Man Utd’s incredible lack of defenders (only Evra is fit) shows the squad aspect of international selection. In the 22 or 23 there should be a few players who are flexible and Carrick did himself no harm by his unlikely pairing with Fletcher. He wasn’t brilliant against Wolfsburg and you’d never want to start him for England there but at least there’s a midfield player available who’s played centre back in the Champions League (and looks likely to play there against Villa on Saturday). I wonder whether some colossuses of the England midfield, like Stevie G, would be quite so happy to play there.

Who Needs Defenders…

Sunday, December 6th, 2009

…when you can finish a game with Fletcher as right-back and Carrick as centre-back (the only one) and still win 4-0 away? And also close the gap at the top of the Premiership with Neville, Ferdinand, Brown, O’Shea, Evans and Vidic either ill or injured. I’d suggest Berbatov might be a good bet to pair with Carrick against Wolfsburg (he wouldn’t have to much much so it might suit him). So long as Scholes isn’t played there.

Shearer said Scholes was the best player to come out of Man Utd in the recent future (maybe he might think him the best player anyway of recent times apart from himself?). The ginger prince scored a corker against West Ham that was unstoppable. Perhaps Darron Gibson has been taking lessons from the master as he’s now scored three thunderbolts from outside the area in the past five days?

Mark Hughes came up with the goods with an excellent City result against Chelsea with JT moaning about extremely hopeful handball calls, Lampard bottling his penalty and Carvalho showing his true colours with a stamp in Tevez’s back. A good match on ESPN for a change.
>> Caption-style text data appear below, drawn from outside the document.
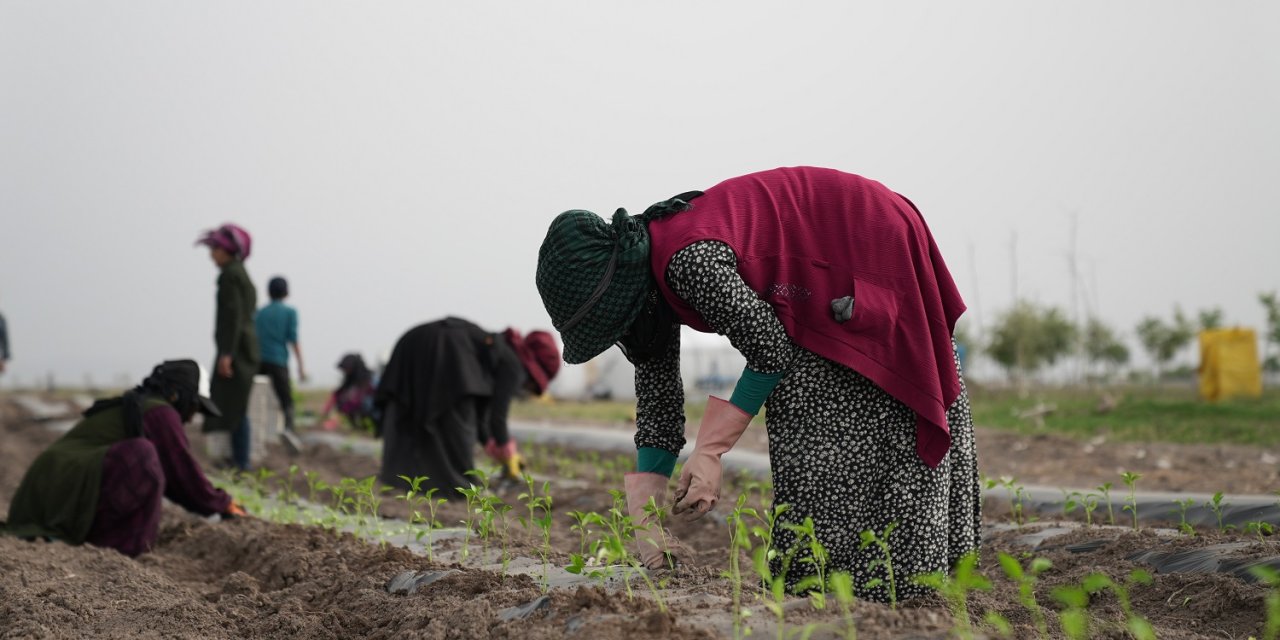 Ata Tohumları Karatay’da toprakla buluştu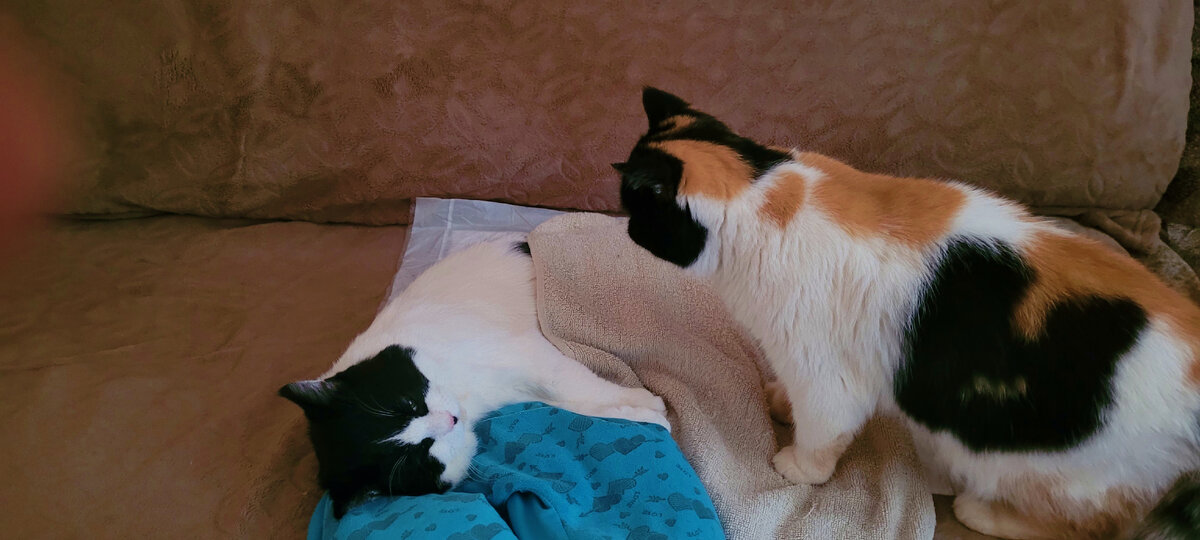 Масяня переживает за сыночка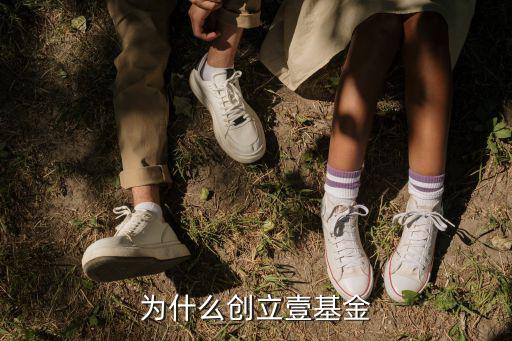壹基金到底怎么回事，壹基金怎么弄的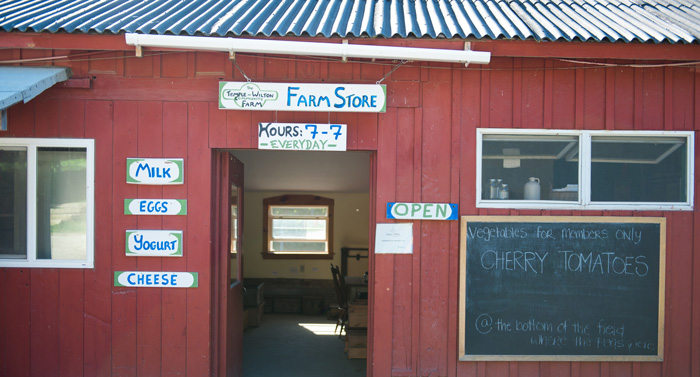The front of the store at Temple-Wilton Community farm advertises milk, eggs, yogurt and cheese.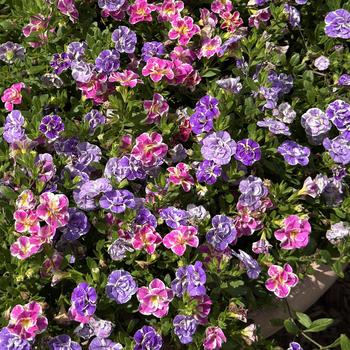 Calibrachoa Trixi® 'Funtopia Utopia' (311854)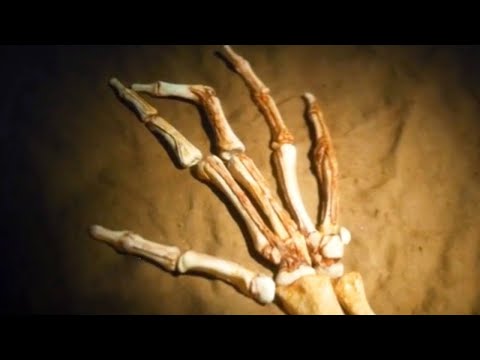 Видео: Съев курицу, он понял, что кости принадлежат человеческой руке | Краткий Пересказ Фильма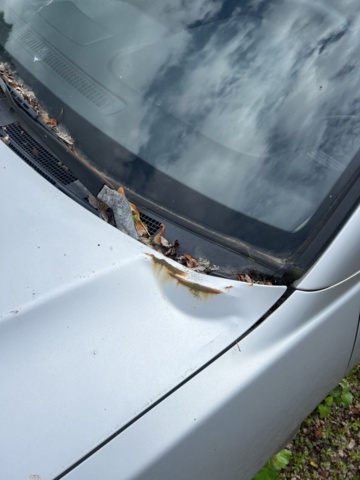 1178108-12 Mitsubishi Galant Wagon 2.4 GDI Manual, 144hp, 2001 Repair item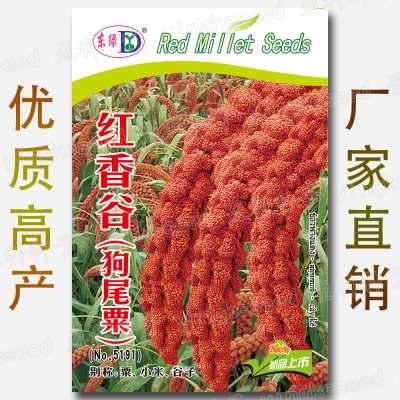 赤峰谷子種子出售電話(huà)號(hào)碼查詢(xún)-第1張圖片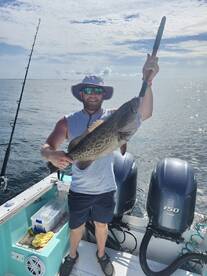 Snappers and Groupers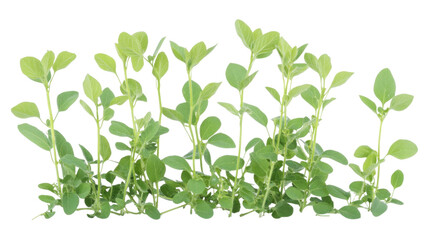 studio shot of a fava bean plant on white background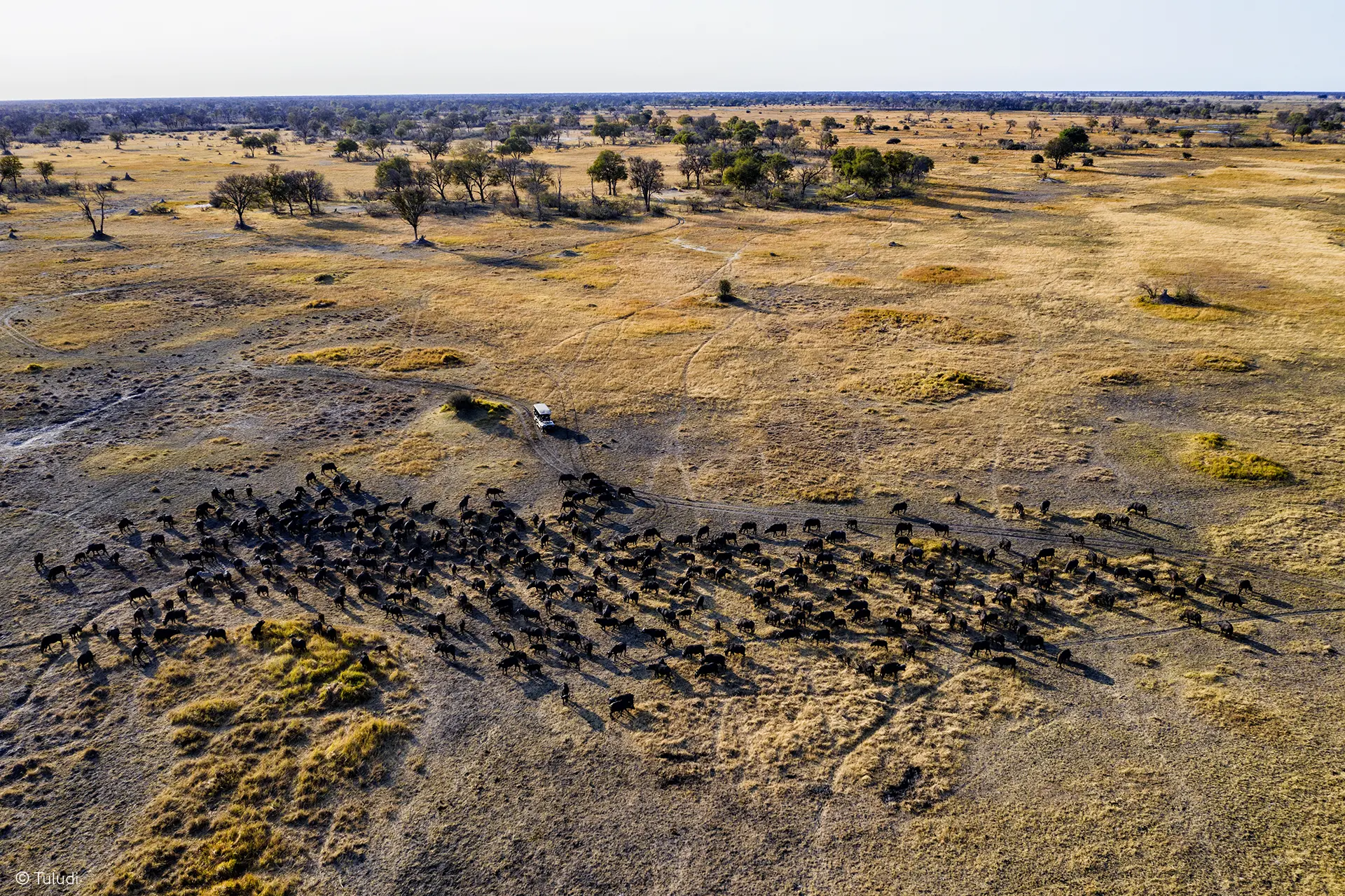 Okavango Delta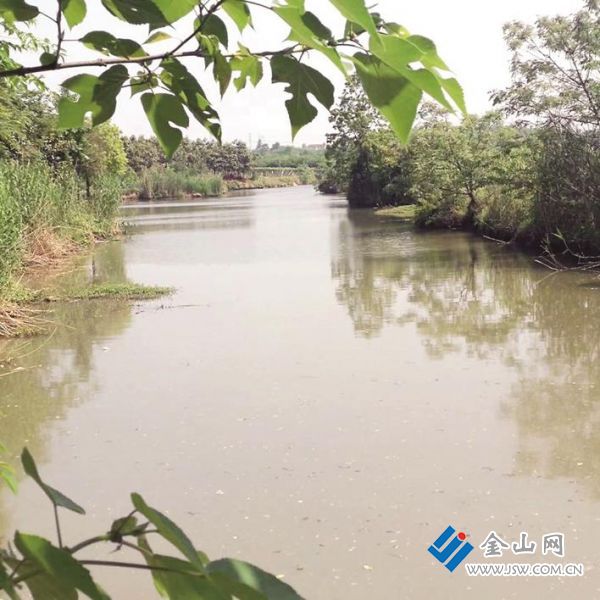 75d386de-4eb8-4f1c-aea6-9caf24624185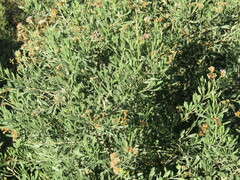 Tessaria absinthioides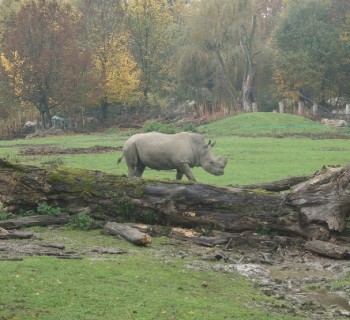 Zoo Salzburg-photo-price-work-hours-a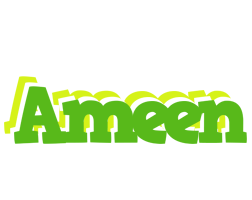 Ameen picnic logo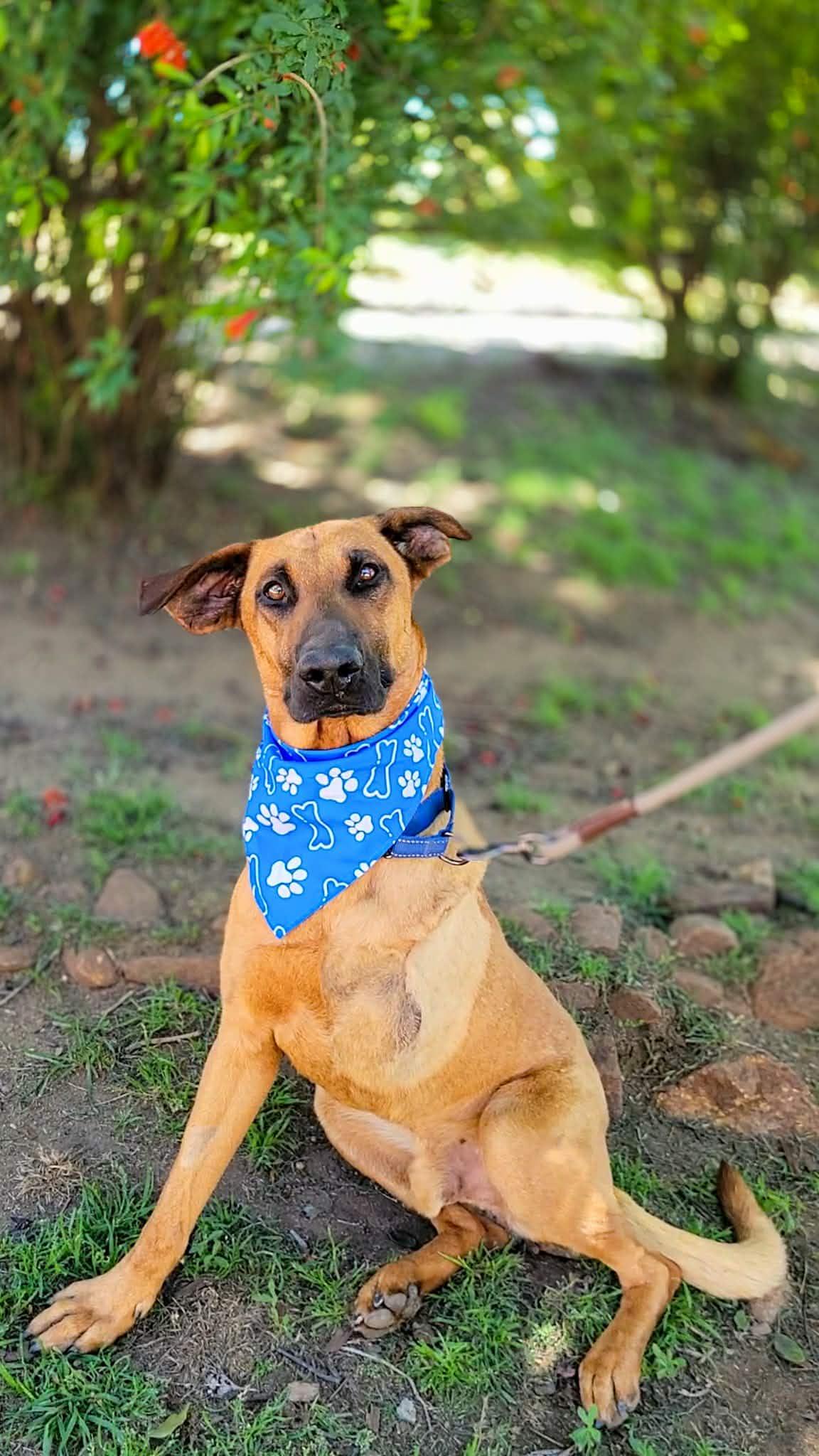 Enlarge Thor, a ADOPTABLE mixed breed in Temecula, CA image 1/6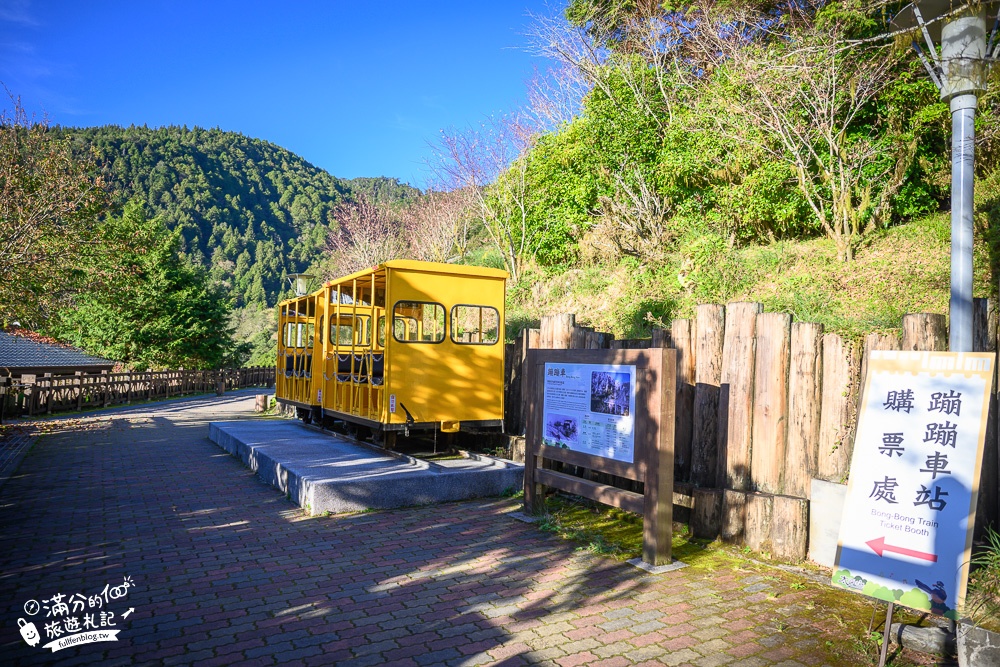 宜蘭太平山森林蹦蹦車玩樂購票攻略!貓頭鷹森林小火車.雲海步道,茂興站森林步道滿滿芬多精!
Sunderland 1 (Beach Ball 5) Liverpool 0

Sunday, October 18th, 2009

How sad that Liverpool dropped two points due to an assist by a beach ball! It says something about the quality of the game and of Liverpool’s attack without Torres that no humans were able to put the ball in the net but a red beach ball was able to divert Bent’s tame shot past Reina. Match of the Day might regret showing the kid who threw the ball on the pitch (a Liverpool fan) if they end up missing out on the title (or, more likely, Europe) by a couple of points. Hilarious — as was the argument between United legend Steve Bruce and Rafa Benitez.

Ferguson Doesn’t Grow Old Gracefully

Sunday, October 4th, 2009

Oxford might have wonderfully historic pubs with great ale and lots of atmosphere but what about the needs of drinkers whose teams are playing at 5.30pm on ESPN? No big plasma screens at the Turf Tavern or the King’s Arms or White Horse so I ended up missing the Man Utd v Sunderland match live and followed the less than comforting scoreline on my phone. After a self-stranding toilet incident involving the 280 bus I had to catch the train back from Haddenham and then valiantly tried to stay awake when I eventually got home through the end of Strictly Come Dancing so I could watch the highlights on MOTD.

Of course, I fell asleep just a few minutes before it started and missed the highlights. Fortunately I was able to remember to record the repeat of the programme at 8am this morning and so enjoyed two remarkable spectacles. Berbatov’s goal was superbly taken — an amazing overhead kick. However, the terrible decision that Wiley made about the Anderson penalty interview brought on the most amazing rant by SAF against the fourth official. Whatever his other failings, Ferguson will certainly get stuck in and fight ‘the enemy’ for his team.